I wonder if that's the same Fubar that I read in the obit pages... seems he drowned in his basement....... just kidding:wink:

By far the most effective method in allready established construction is to divert water externally.

( However, I have used hydraulic cement and Drylock to mitugate moisture invasion with OK/limited success.)

But, by far ... don't count on blocking water... divert it by any/all means.

Best


----------



## concretemasonry (Oct 10, 2006)

In our area there are builders that take the most economical approach on every home they build. - It is cheaper and more profitable in the end.

They build every home (usually split or full basements) and always install both interior and exterior drain tile during construction when it is "dirt cheap" and a huge selling point. They have not had problem with the classic joint between the slab and the foundation wall that is built on a strip footing and a slab slab poured later.

That drain tile eliminates the error of the landscapers that do not pay enough attention to surface drainage since it removes the water AND reduces the hydrostatic pressure on the walls and pressure under the floating slab.

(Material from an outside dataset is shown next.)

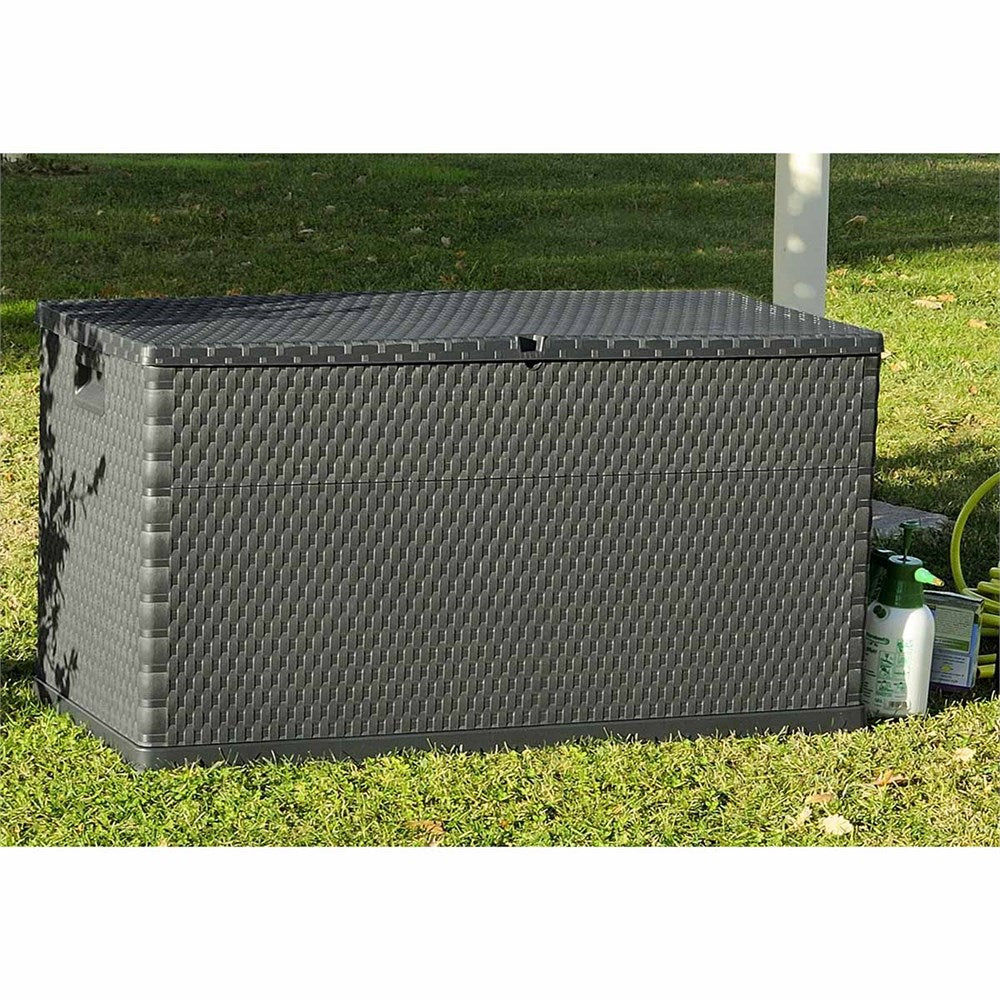 Rattan Bahçe Depolama Dolabı / Sandığı Antrasit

If you are facing an existing problem, interior drain tile is the way to go because installing an exterior drain tile becomes almost impossible with the existing soil, steps, sidewalks, driveways, attached garages, AC units, etc. It reduces the pressure and gets rid of the water when it gets down into the soil. The pump discharge can be directs to suit the individual home and site. - Waterproofing an existing home can be costly, but worth it if you gain dry livable space.

Dick


----------



## ZTMAN (Feb 19, 2015)

I think Fubar's biggest issue,(in 2009) was an "oh by the way" there were no plants or landscaping on that side of the home, like it was a good thing. That was most likely what was causing the issue. It would be interesting to see what Parsa has to say about his/her issue and exterior drainage/landscaping.


----------



## carpdad (Oct 11, 2010)

I am going to think about mobile wall panels, plug in electric connectors and moving the furnace into a concrete tub.:laughing:


----------



## stadry (Jun 20, 2009)

as i recall, there were 3 sons,,, the 1st was named snafu, the 2nd was tarfu, & the 3rd was fubar :laughing:


----------